El mismo nombre Tababela me suena a ensalmo, fórmula mágica para conjurar peligros, comunicarnos con los espíritus, practicar algún tipo de exorcismo. El lugar ostenta durante ciertos meses una neblina testaruda que impone demoras en el despegue de diversos aviones. La aerofobia, miedo a volar, suele ir acompañada de claustrofobia, temor a los espacios cerrados; acrofobia, terror a la altura. Sé que de varios millones de pasajeros uno tan solo tiene una lejana probabilidad de morir, pero me pregunto por qué aquel pobre diablo no sería yo. Me repito sin cesar que cualquier azafata viaja todos los días sin armar tanta alharaca.
El viaje puede durar dieciséis horas o más, de igual modo no cierro el ojo, veo con fastidio cómo ciertos pasajeros se desparraman, duermen ruidosamente con la boca abierta. Si empieza a moverse el avión, si se prende el aviso repetitivo de abrochar cinturones, me imagino descuartizado entre los escombros humeantes del Boeing en alguna cordillera. Mientras la auxiliar de vuelo demuestra la bondad del chaleco salvavidas me pregunto de qué me serviría en tierra firme resoplar desorbitado en sus tubitos de plástico.
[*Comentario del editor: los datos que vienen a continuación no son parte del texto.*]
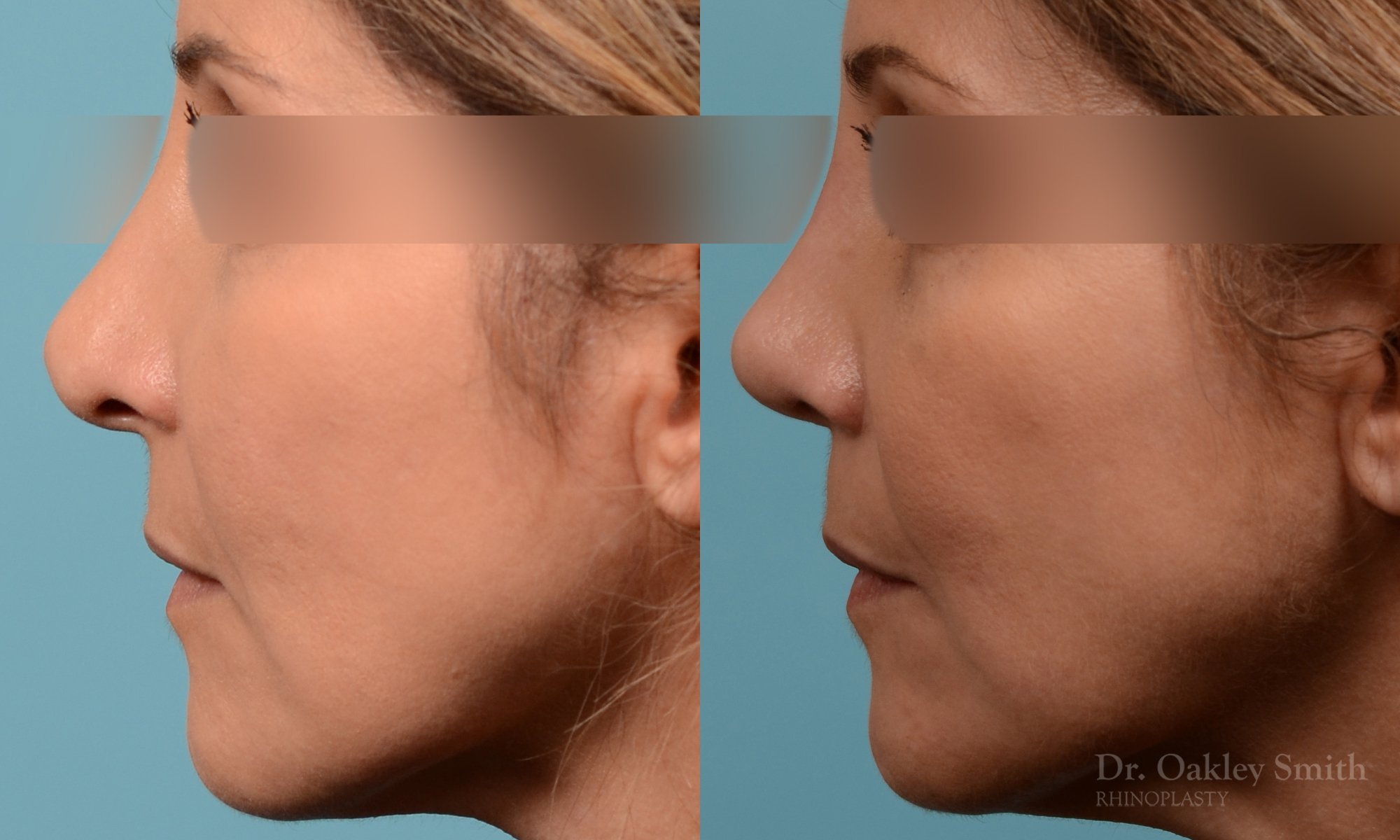244E-rhinoplasty-dr-oakley-smith-septum.jpg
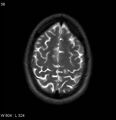 Neurosarcoidosis (Radiopaedia 10930-17204 Axial T2 17).jpg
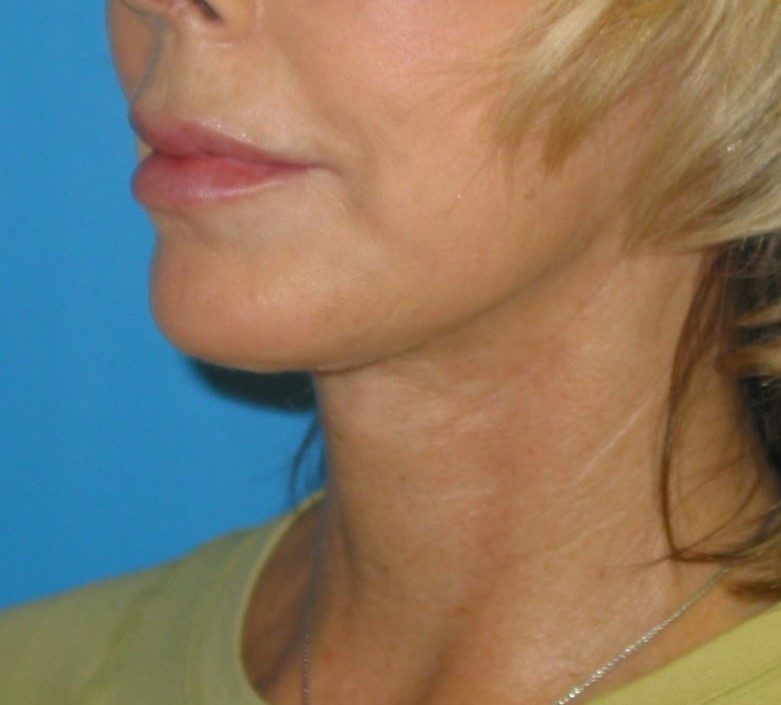 Deep Neck Contouring after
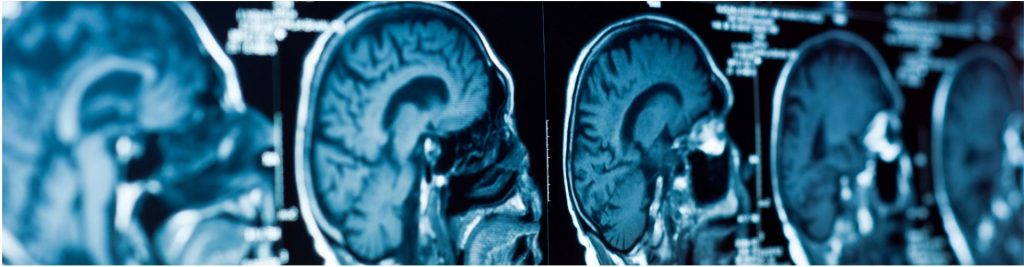 Untitled design (6) traumatic brain injury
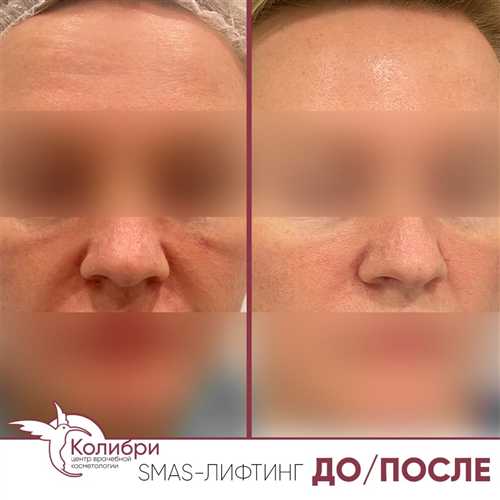 показания и противопоказания для применения смс «лифтинга»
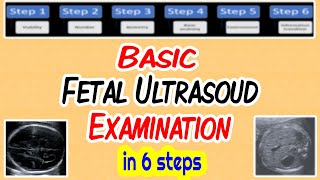 Basic Fetal Ultrasound Examination [upl. by Boyd682]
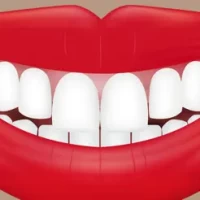 Teeth Whitener - Photo Editor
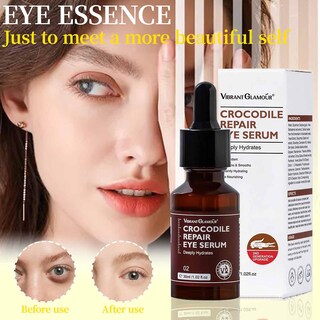 Foto 2 | Sérum Para Ojos Huoguo De Segunda Generación Que Reduce Las Ojeras 30 Ml - Venta Internacional.
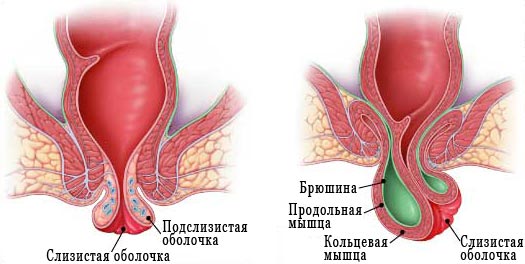 Выпадение прямой кишки во время дефекации схема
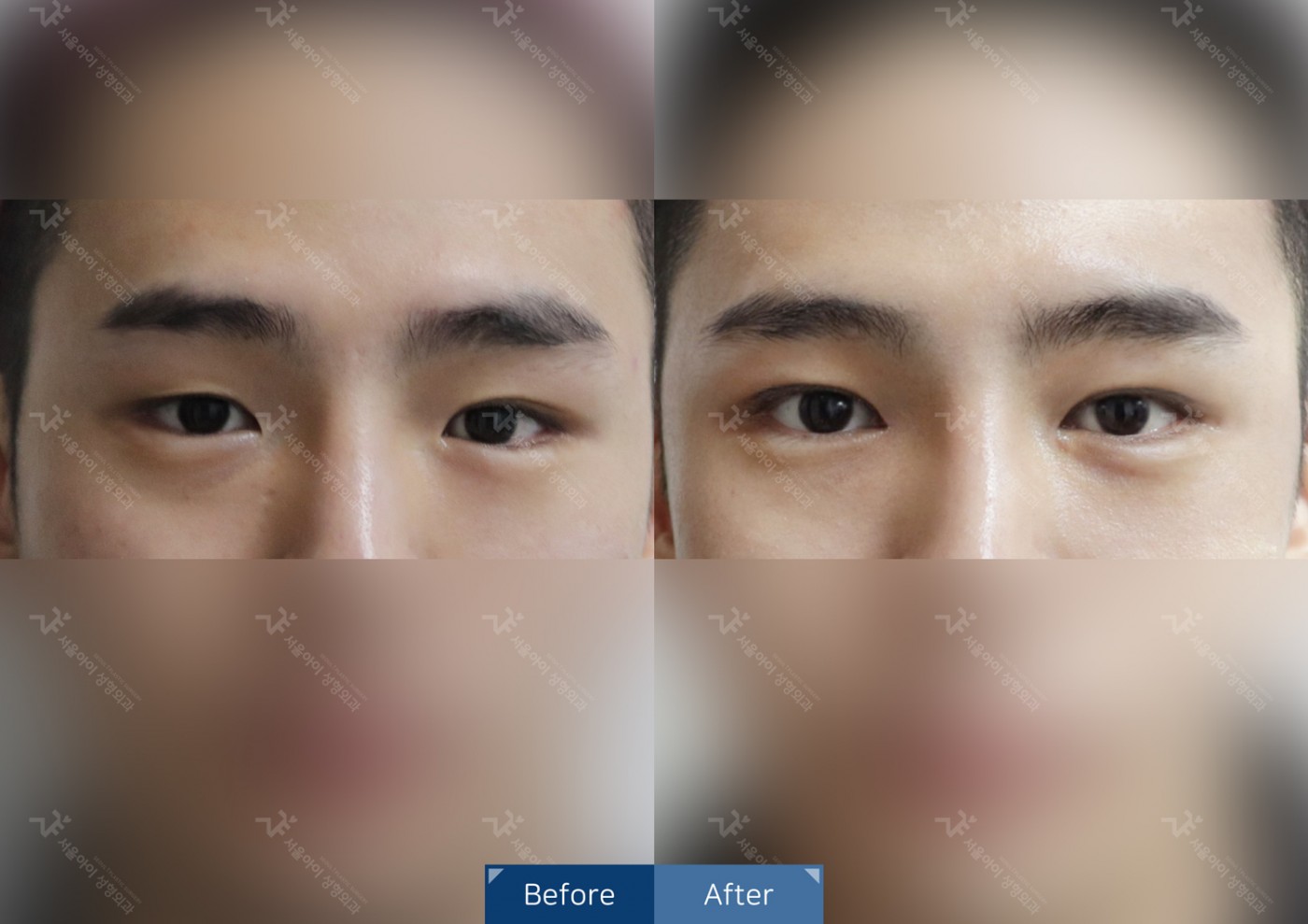 눈성형 [자연유착 + 앞트임 + 안검하수]
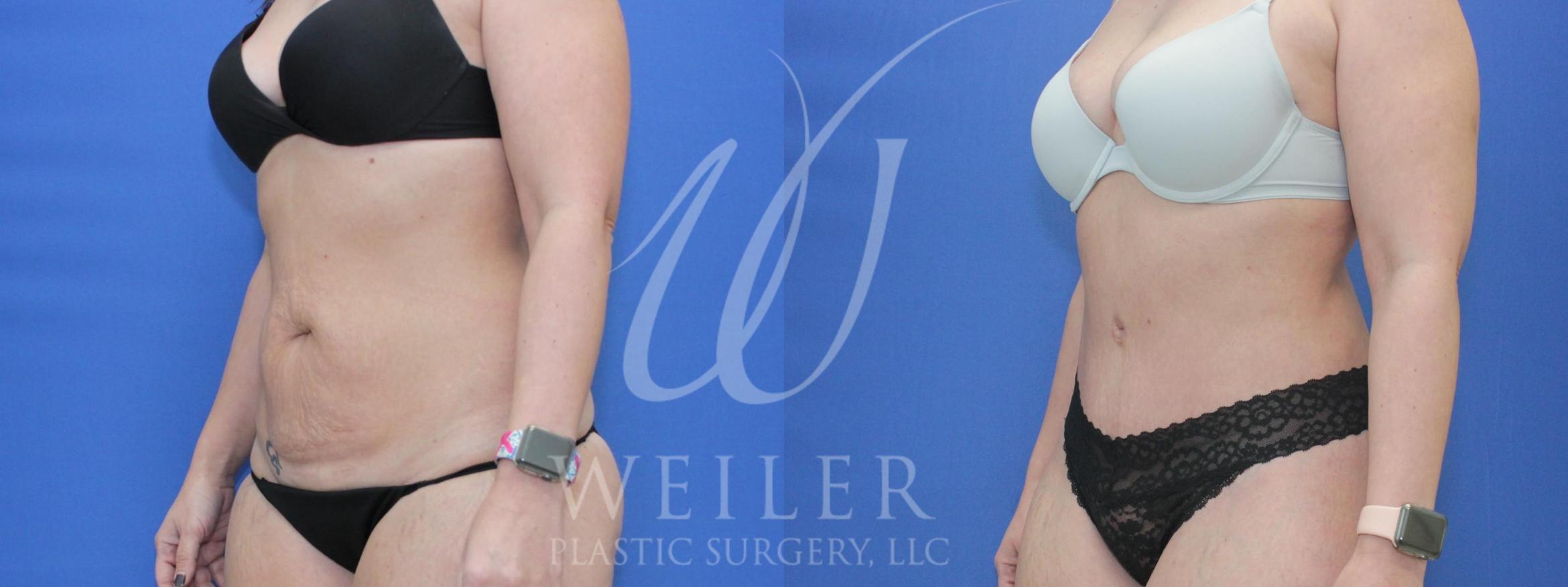 Tummy Tuck Before & After Photo | Baton Rouge, Louisiana | Weiler Plastic Surgery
Vuelvo a vivir aquel episodio de la serie Aeropuerto cuando una aeromoza, en un jet decapitado, vuela prendida del fuselaje como el jinete principiante se deja arrastrar por un purasangre desbocado. Si el bamboleo del aeroplano se vuelve insistente, miro el rostro del personal de a bordo para tratar de leer eventuales señas de pánico, intuiciones del posible estrellamiento. Es precisamente cuando debo mantenerme sentado, debidamente abrochado, que mi sufrida vejiga implora una pronta evacuación. Tal vez fue aquella urgencia la que llevó al actor Gerard Depardieu a desalojar sus aguas menores en una botella de gaseosa con trépida puntería. Y no soporto ver a mi vecina casual persignarse o balbucear un par de avemarías mientras entorna los ojos y bambolea la cabeza. A veces un pasajero no logra controlar sus espasmos gástricos, agarra con tembleque la bolsa de papel prevista para el desahogo esofágico.
A veces, mientras va rodando el avión, toma velocidad en la pista, la trepidación es tan fuerte que múltiples crujidos parecen afectar al aparato. Imagino un desparrame de latas torcidas, asientos revueltos, solo empiezo a respirar cuando el suelo se va alejando. Otras veces, aprovechando la gentileza del personal de cabina me mando al guargüero dos o tres vasos de whisky secos y volteados, los que me permiten hundir mi angustia en una dipsomanía tranquilizante.
Cuando la azafata concentrada en sus demostraciones junta los dedos, apunta con sus manos hacia las puertas de escape, calculo mentalmente cuánto tiempo me tomaría alcanzar la más próxima salida de emergencia, tirarme por el trampolín, huir despavorido del avión incendiado. El mes pasado viajaba al lado de un señor muy gordo adicto a la conversación. Cuando me dijo riéndose “¡y pensar que estamos sentados justo sobre los tanques de combustible!” me sentí ya como un bonzo inmolado.
Tampoco me gusta cuando el piloto sale a saludar, me parece que descuida su oficio. De todos modos cuando aplaudo su aterrizaje es más bien para felicitarme de seguir viviendo.